## [WHAT NEEDS TO BE DONE]
Word for word, restate the lines from the one holding "居心地の良いウォーターカラークリスマスディナーパーティー 招待状 (正面)" through the last line of the material below, and leave every picture out.

## [MATERIAL SHOWN]
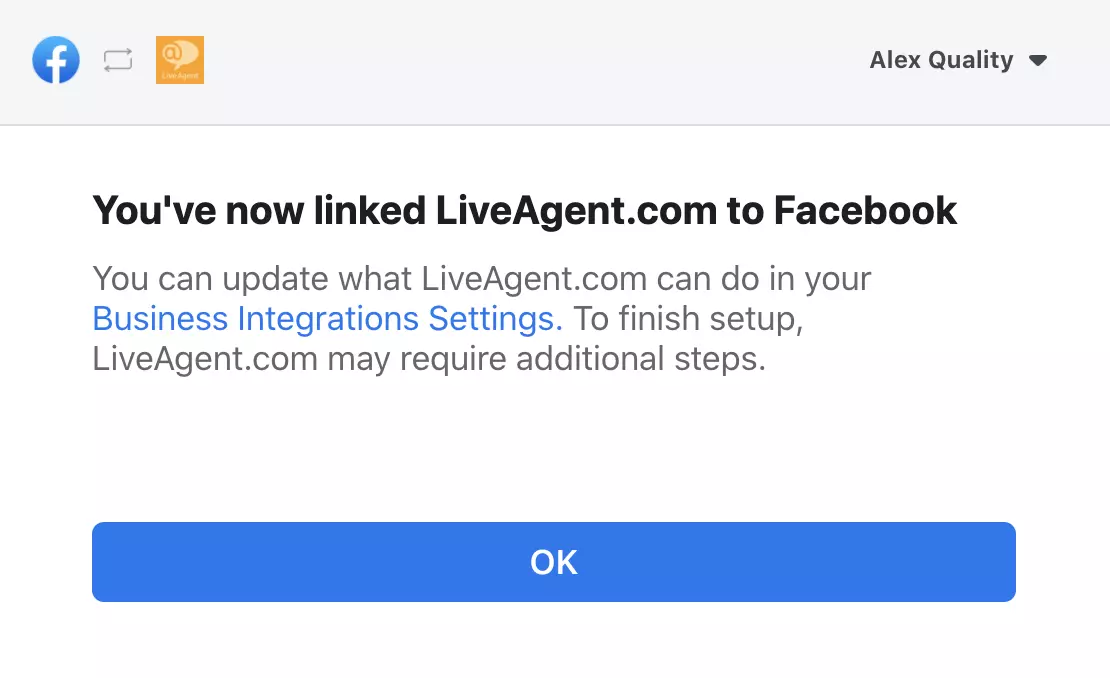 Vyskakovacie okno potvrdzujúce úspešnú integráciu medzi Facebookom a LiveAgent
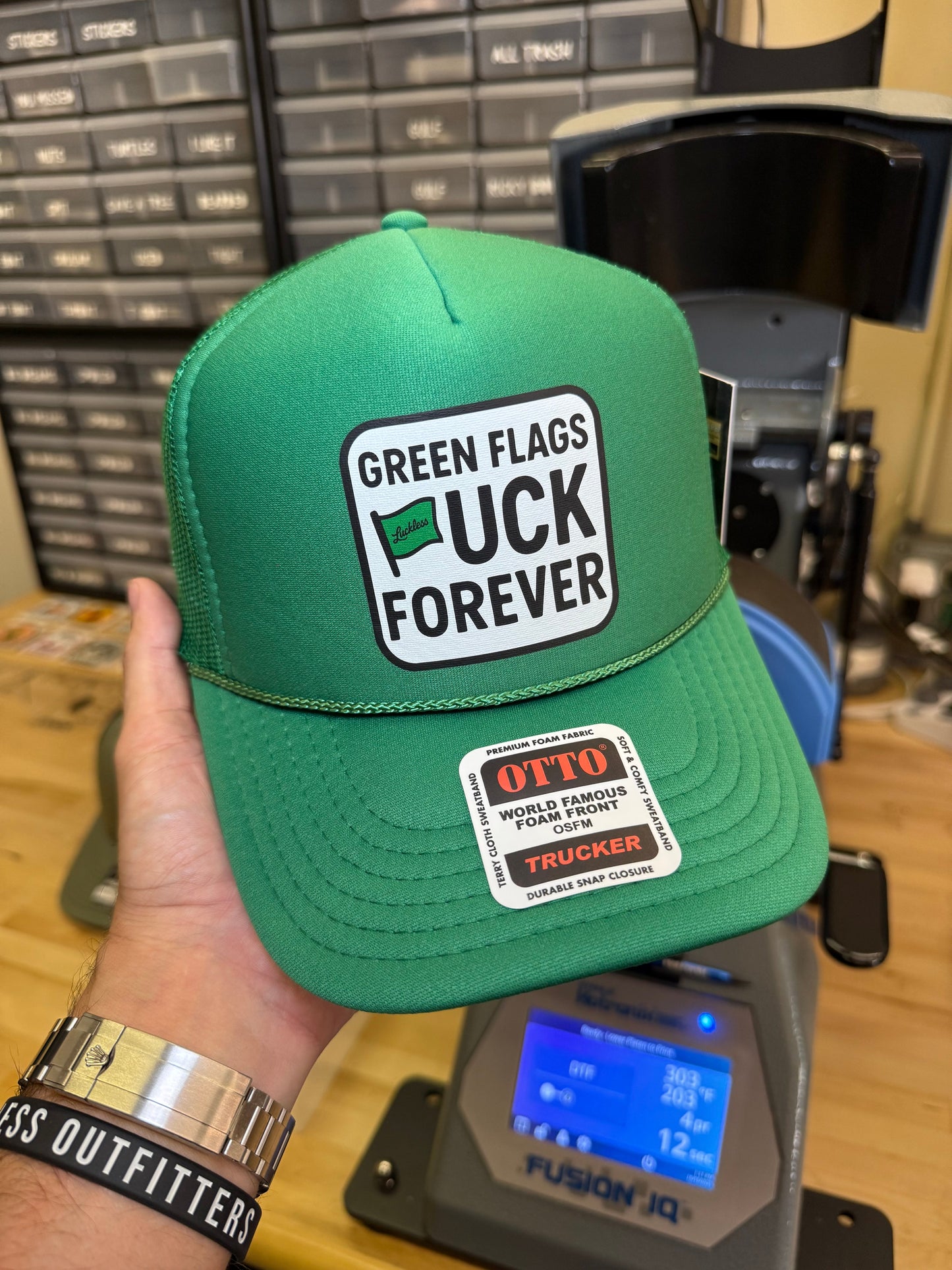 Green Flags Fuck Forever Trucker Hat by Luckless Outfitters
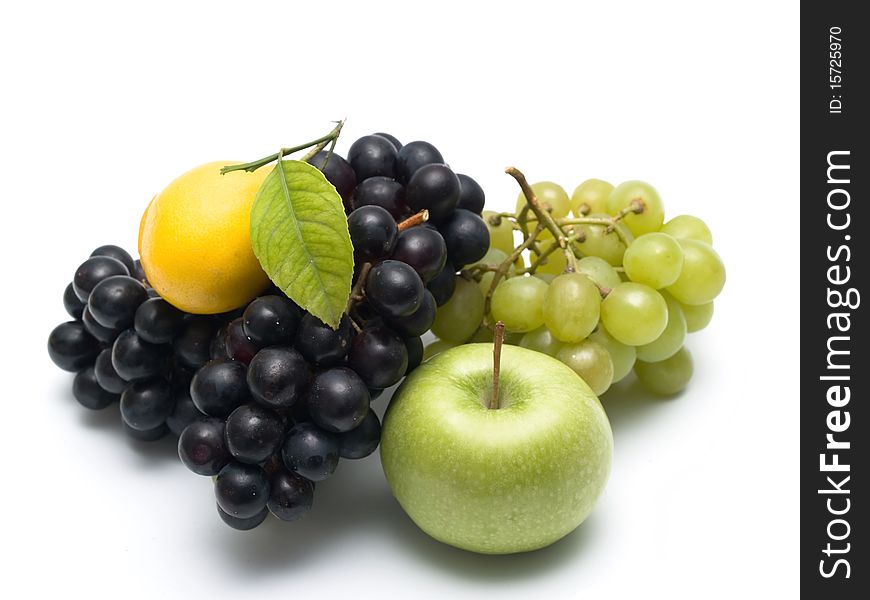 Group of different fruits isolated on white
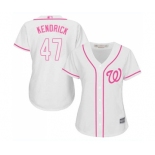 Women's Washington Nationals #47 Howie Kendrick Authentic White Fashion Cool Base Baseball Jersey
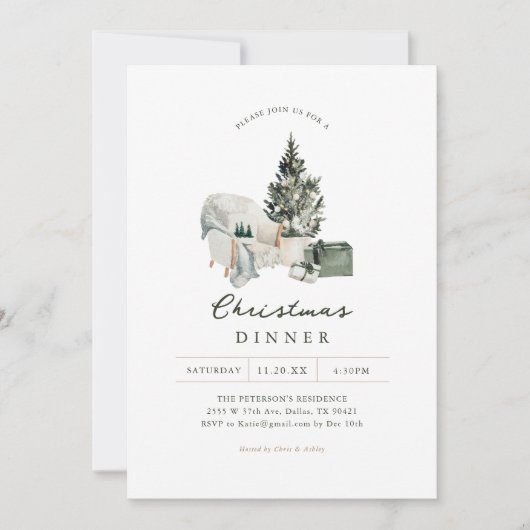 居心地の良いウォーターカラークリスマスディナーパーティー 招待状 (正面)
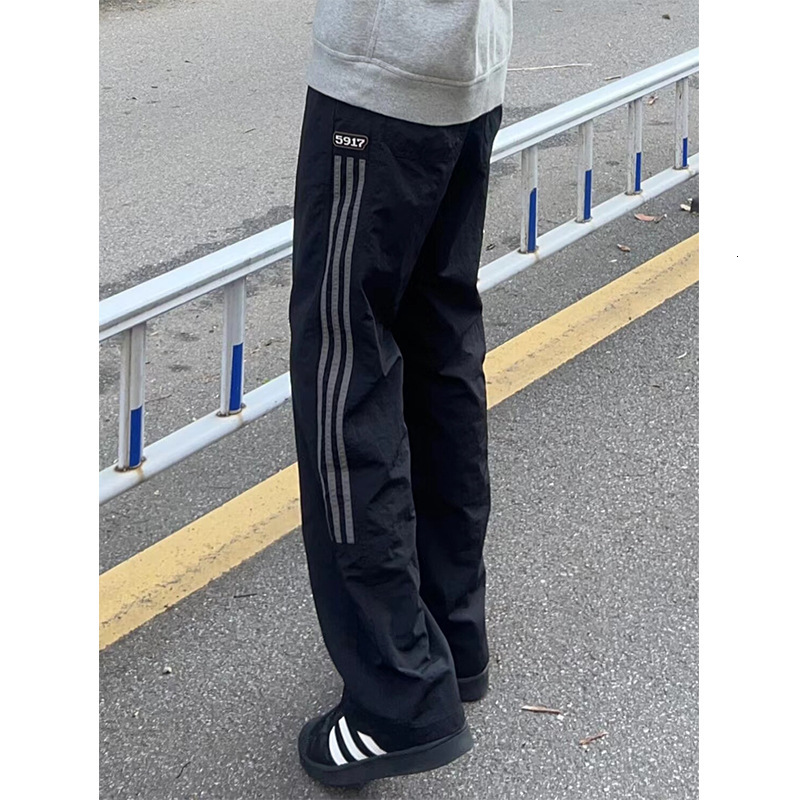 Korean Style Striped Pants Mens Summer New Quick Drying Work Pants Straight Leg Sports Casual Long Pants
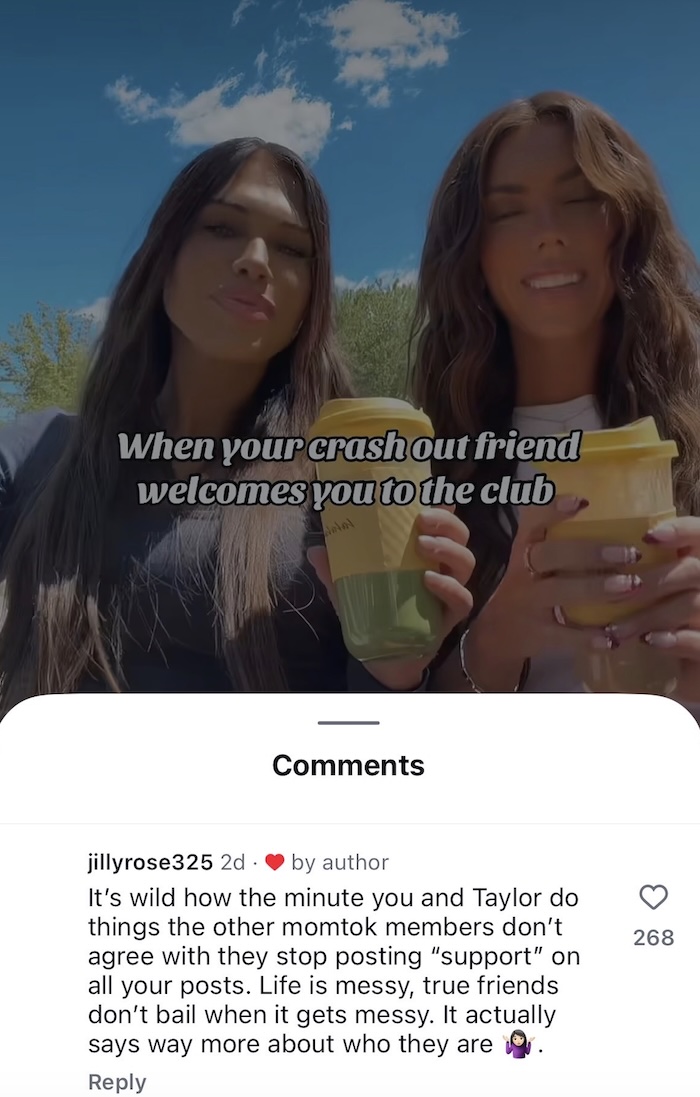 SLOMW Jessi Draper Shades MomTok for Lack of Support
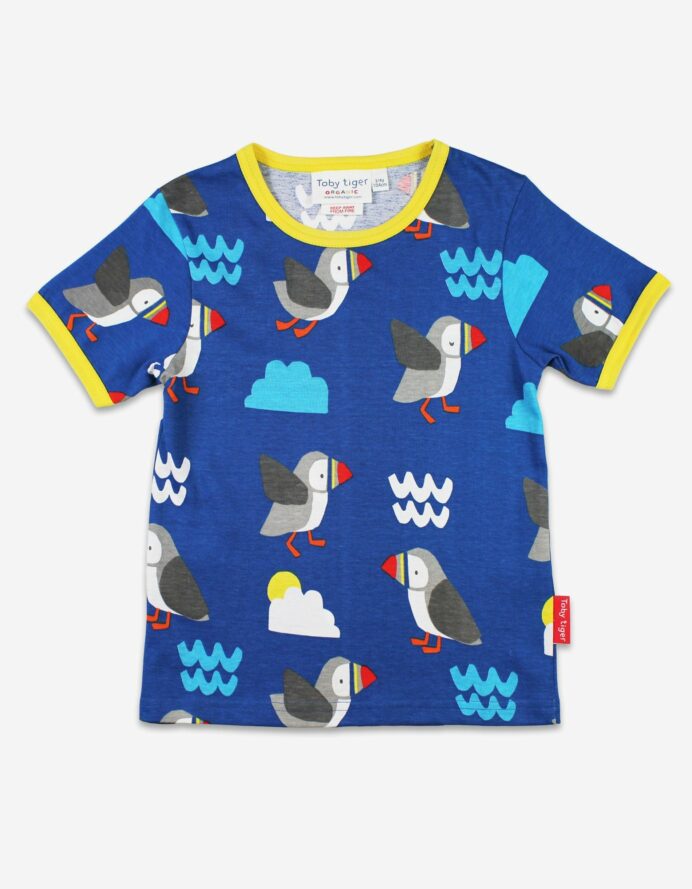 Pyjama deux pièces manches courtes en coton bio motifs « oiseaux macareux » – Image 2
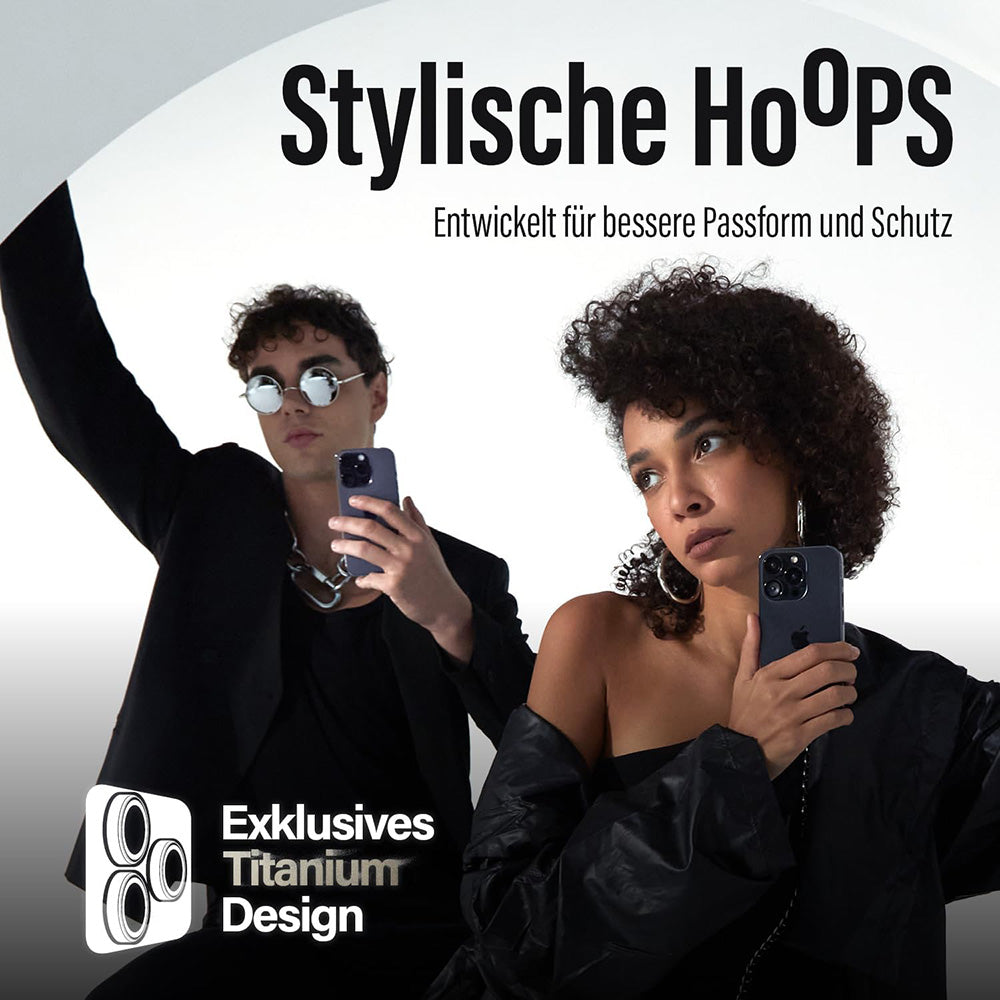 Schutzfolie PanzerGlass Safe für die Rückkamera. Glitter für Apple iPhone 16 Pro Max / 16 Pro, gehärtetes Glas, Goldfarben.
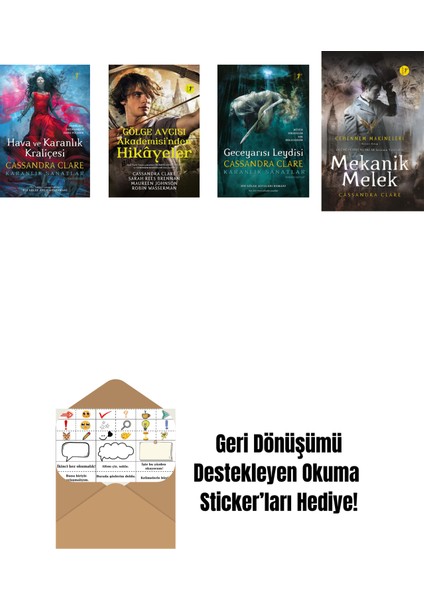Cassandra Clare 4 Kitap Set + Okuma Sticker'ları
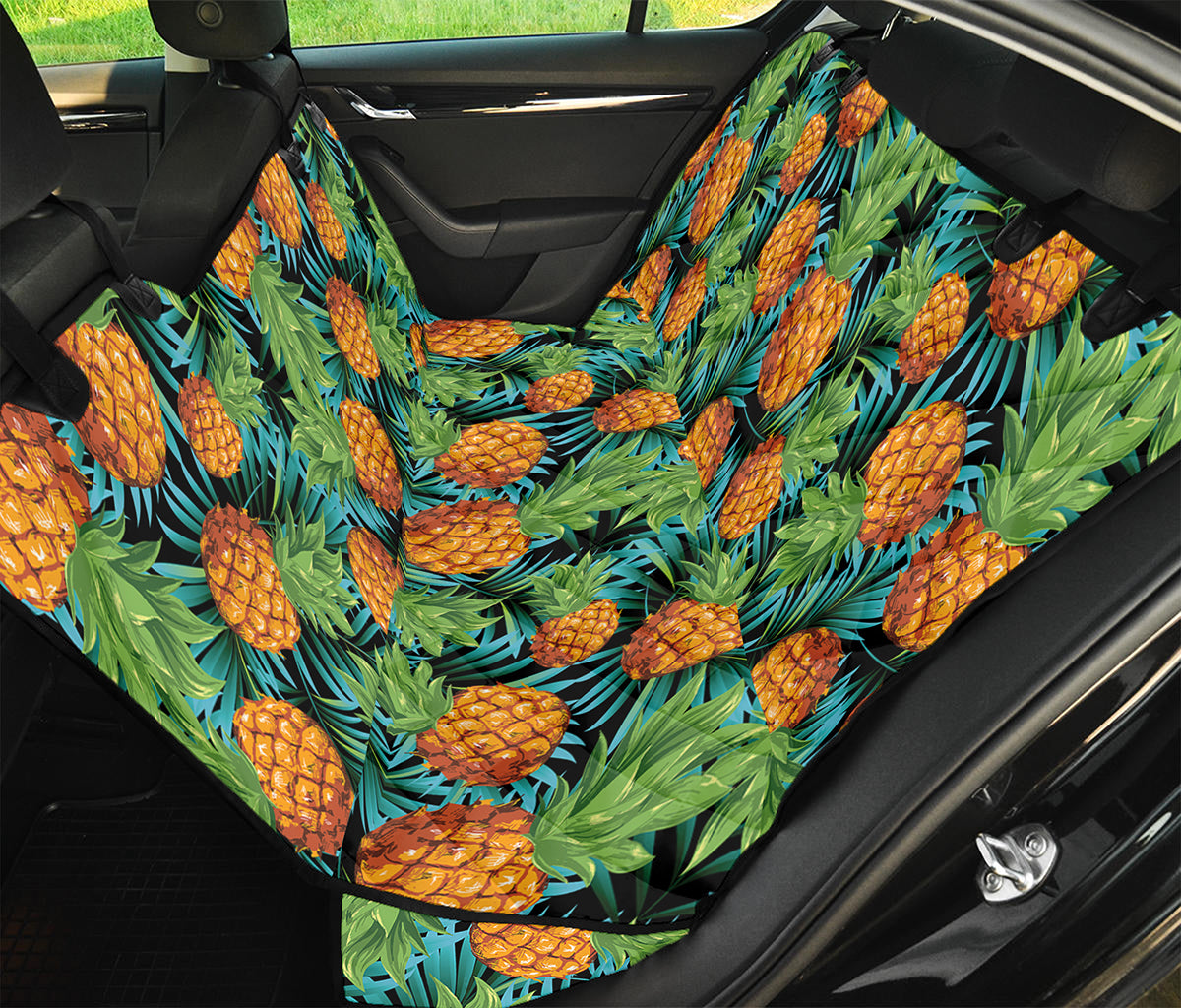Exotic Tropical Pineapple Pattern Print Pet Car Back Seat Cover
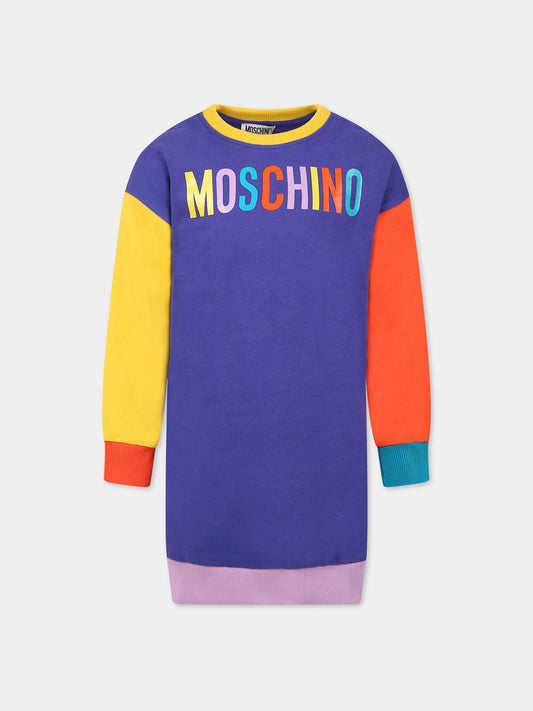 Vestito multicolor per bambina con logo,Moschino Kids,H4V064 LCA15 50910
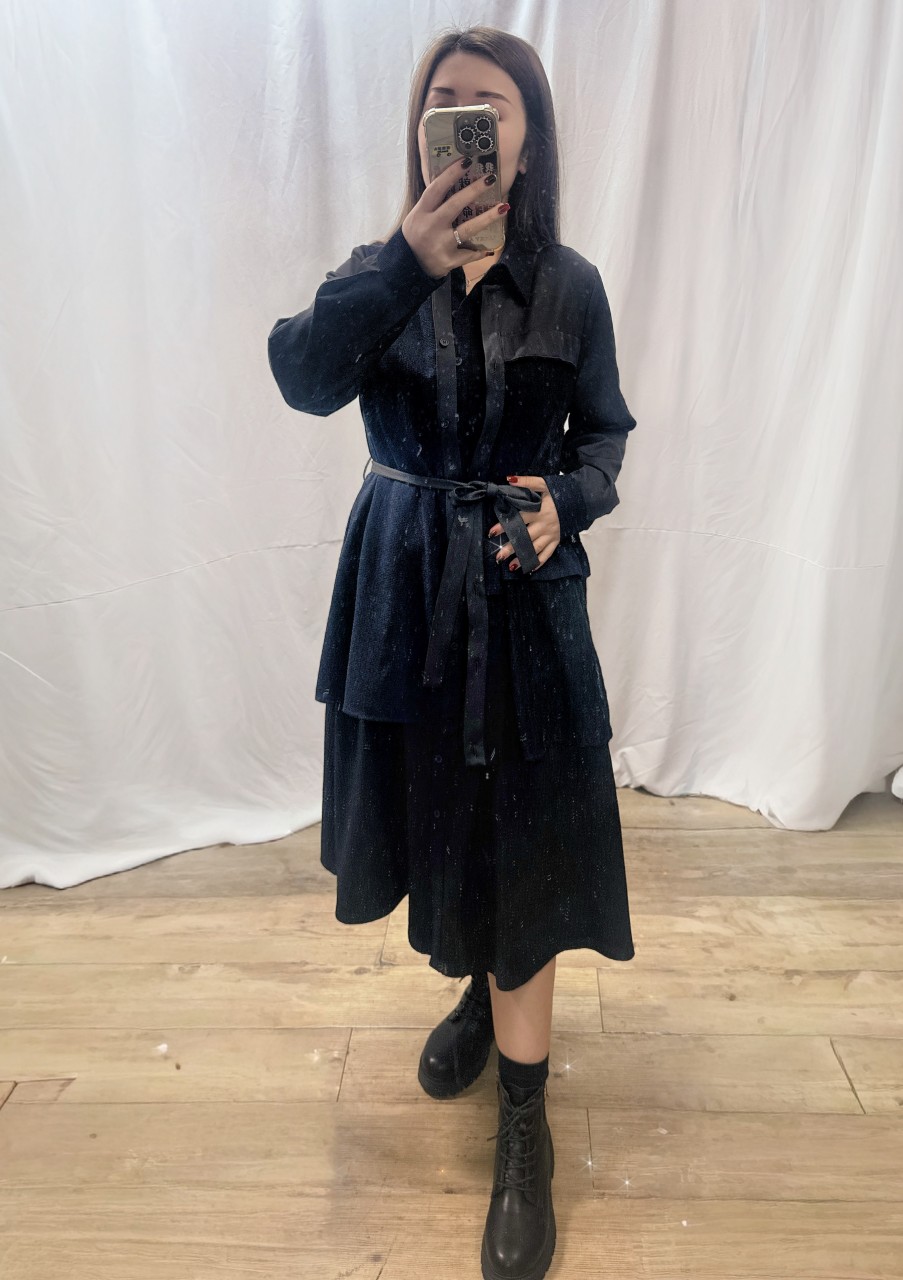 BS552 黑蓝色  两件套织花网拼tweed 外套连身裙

## [FINAL ANSWER]
 居心地の良いウォーターカラークリスマスディナーパーティー 招待状 (正面)
 Korean Style Striped Pants Mens Summer New Quick Drying Work Pants Straight Leg Sports Casual Long Pants
 SLOMW Jessi Draper Shades MomTok for Lack of Support
 Pyjama deux pièces manches courtes en coton bio motifs « oiseaux macareux » – Image 2
 Schutzfolie PanzerGlass Safe für die Rückkamera. Glitter für Apple iPhone 16 Pro Max / 16 Pro, gehärtetes Glas, Goldfarben.
Cassandra Clare 4 Kitap Set + Okuma Sticker'ları
Exotic Tropical Pineapple Pattern Print Pet Car Back Seat Cover
 Vestito multicolor per bambina con logo,Moschino Kids,H4V064 LCA15 50910
 BS552 黑蓝色  两件套织花网拼tweed 外套连身裙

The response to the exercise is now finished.